We love it so much that our language is full of references to it. “I owe you a beer”, “go for a quick beer”… it’s a proxy for being sociable. From Hawkey to Singo, it’s always been the great leveller – in conformist Australia, membership of the group is defined in largely in terms of how quickly you can get a schooner glass from full to upside-down on your head.
Which is why I’ve always felt quite ashamed of the fact that I don’t like beer. Now, before you chuck the newspaper away in disgust at my softness, I’m not a teetotaller. (Phew, nearly lost you there.) And sure, on a hot day, I can sometimes enjoy the refreshing nature of a really cold ale. If I ignore the taste. But given a choice between yeasty, bloating beer, and just about anything short of a Bacardi Breezer, I’ll steer well away from our amber national heritage. In fact, I don’t even like wine much. I am a spirits drinker.
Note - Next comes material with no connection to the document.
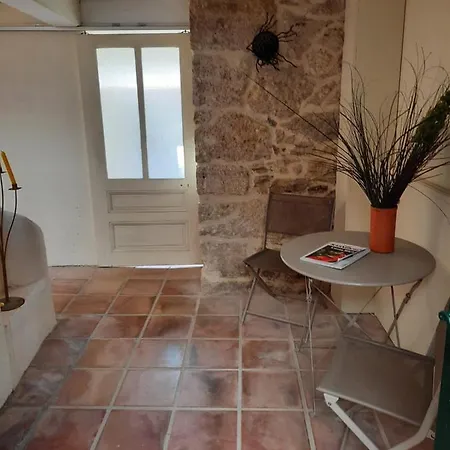 gite la petite vigneronne Montagnac  Extérieur photo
When I put it like that, it sounds kind of hardcore. Yeah, I like the hard stuff. Forget your weak, watery beer – mine’s the top shelf. But unfortunately, that’s not quite how it works out. Because while I’d probably get away with a scotch on the rocks or downing vodka shots, my drink preferences are much more embarrassing.
At the pub, when someone buys a round, I usually humiliate myself by asking for a vodka and orange, or perhaps a gin and tonic. Which is inevitably met by a roll of the eyes, as if my mate will be embarrassing himself just by ordering it. And even more rude of me, they’re always more at least a dollar expensive than beers, which means I’m asking others to shell out more money on account of my weakness.
Then, when I drink it, everyone looks sneeringly at the dainty little glass in my hand, with its dainty ice – or worse still, a baby straw and a little slice of orange. It’s desperately uncool. And my attempts to build up its street cred by pointing out that it’s Fatboy Slim’s favourite drink somehow seem to backfire.
My stance really pushes mateship to the limits. After all, the ANZACs didn’t storm Gallipoli beach so we could drink lolly water.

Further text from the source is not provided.